P: I think your should scan through it and see just what happened. He would send a message over and obviously the American President was responding and was responding in an almost unbelievably naive way.

K: And these Kremlinologists were saying just what Thompson told you. You have to be in good faith.

P: Right and Truman turned down a meeting with Churchill first and then came back with the proposition that Truman ought to meet with Stalin first. Well that would have been the most terrible thing. It is well to read this stuff in order to know what we are dealing with now.

K: Hopkins wanted Truman and Roosevelt to be the intermediary between England and Russia, grossly overestimating the British strength and grossly underestimating the Russian intentions.

P: What I am getting it is that I don’t know what these clowns want to talk about but the line we take is either they talk or we are going to sit it out. I don’t feel this is any time for concession. And mainly because I feel that’s the only way we are going to get anywhere is by talking this way.

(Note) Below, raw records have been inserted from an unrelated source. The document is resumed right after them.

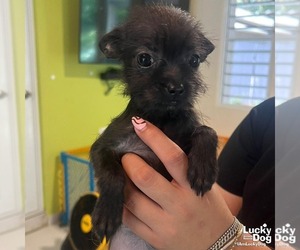 Chihuahua-Unknown Mix Dogs for adoption in Washington, DC, USA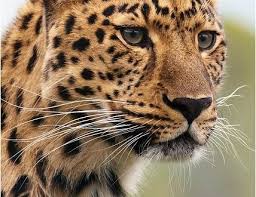 صور الفهد خلفيات وصور فهود جميلة جدا للفيس بوك والواتس اب موقع حصري Wild Cats Animals Beautiful Animals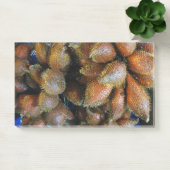 サラク[スネークフルーツ] ポストイット (オフィス)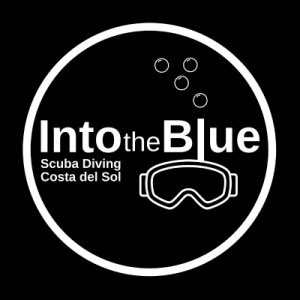 Into_the_blue-CDS-logo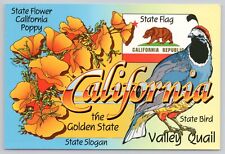 Postcard California Symbols State Flag Poppy The Golden State Valley Quail 6x4 picture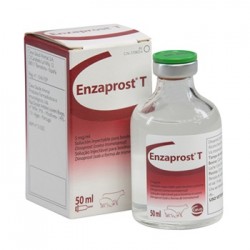 ENZAPROST 50 ML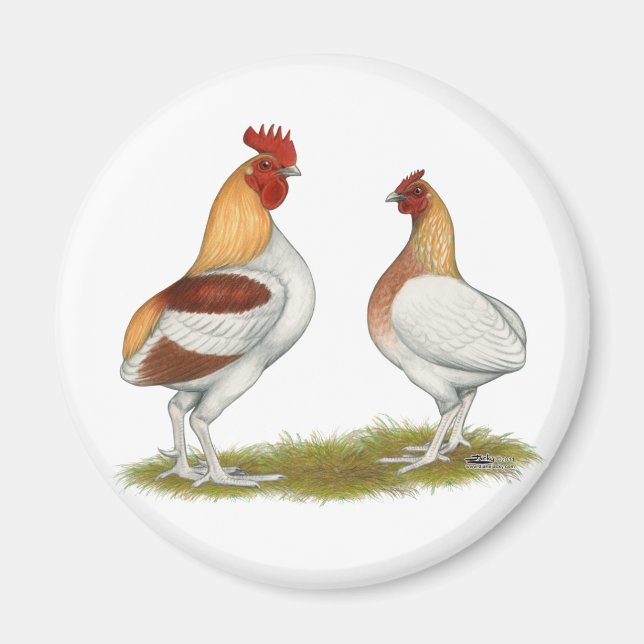 Imán Rumpidos de Manx (Frente)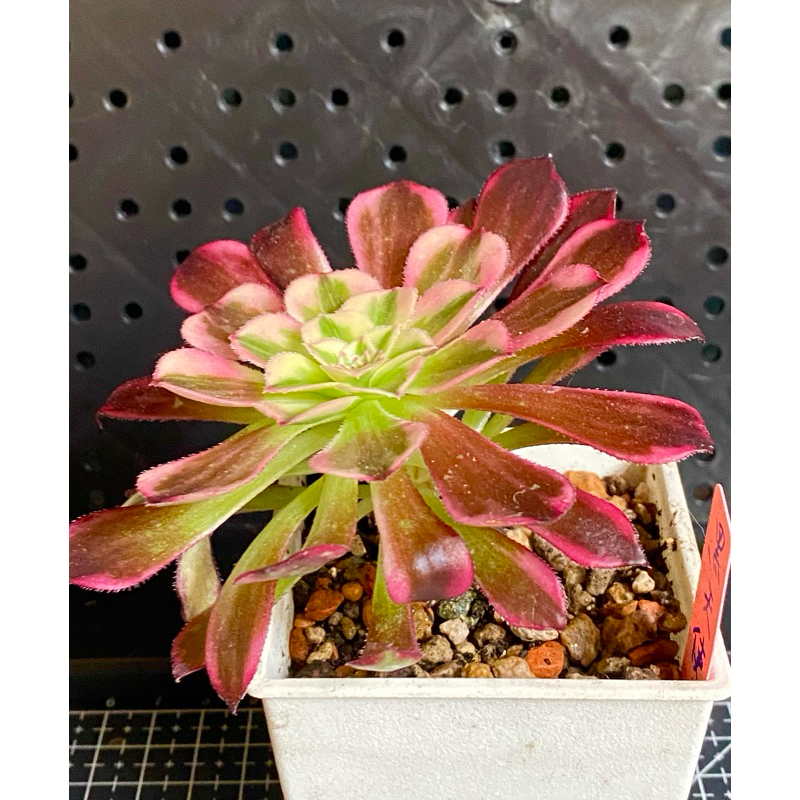 法師系列(錦斑、紅覆輪法師) | 蝦皮購物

K: Mr. President I presented these proposals to the meeting of the Special Studies Group today3 and Elliot Richardson has changed his [Page 535] mind. He says it would be a grave mistake. So we have some support in State. He said if they are willing I think you should take a shot at it on the 8th. I will give to you what I am going to say—it will be a hard time.

P: First, say we have got to talk about a coalition government. Just close the book and walk out. They will say we have got to talk on basically more points than those.

K: If this analysis we have made is correct they are in trouble. That doesn’t mean they are not going to hit us this year. They may hit us this year in the Delta and in I Corps. But that will be their last shot.

P: I agree, they may hit us but they haven’t got a lot to hit us with, but it isn’t like the Germans in the Battle of the Bulge. They don’t have the forces to mount any kind of sustained thing.

K: If we had forces in the Delta I won’t worry about it all. They may overrun the VN units, but I don’t believe it.

P: Well I have been hearing some good reports about the South Vietnamese forces. Don’t you agree?

K: I am going to suspend judgment until Haig comes back. But the smart thing for them to do would be to wait until we draw down more forces and wait until next year. If they hit us this year it will mean our analysis is correct and they are losing. One thing I can do is warn them and tell them if there is an offensive there will be no telling what we will do.

P: Yes, they will have to take note of what the President has said and you cannot be [omission in the source text] as to any commitment on that point. And if that is the way they want it that is the way it will be.

[Omitted here is discussion of the Middle East, Nigeria, and the State of the Union Address.]

  1. Source: National Archives, Nixon Presidential Materials, NSC Files, Box 106, Kissinger Office Files, Country Files, Far East, Vietnam, “S” Mister, Vol. 2. No classification marking.
  2. See Document 166.
  3. Reference is to the January 14 meeting of the Vietnam Special Studies Group; see footnote 4, Document 171.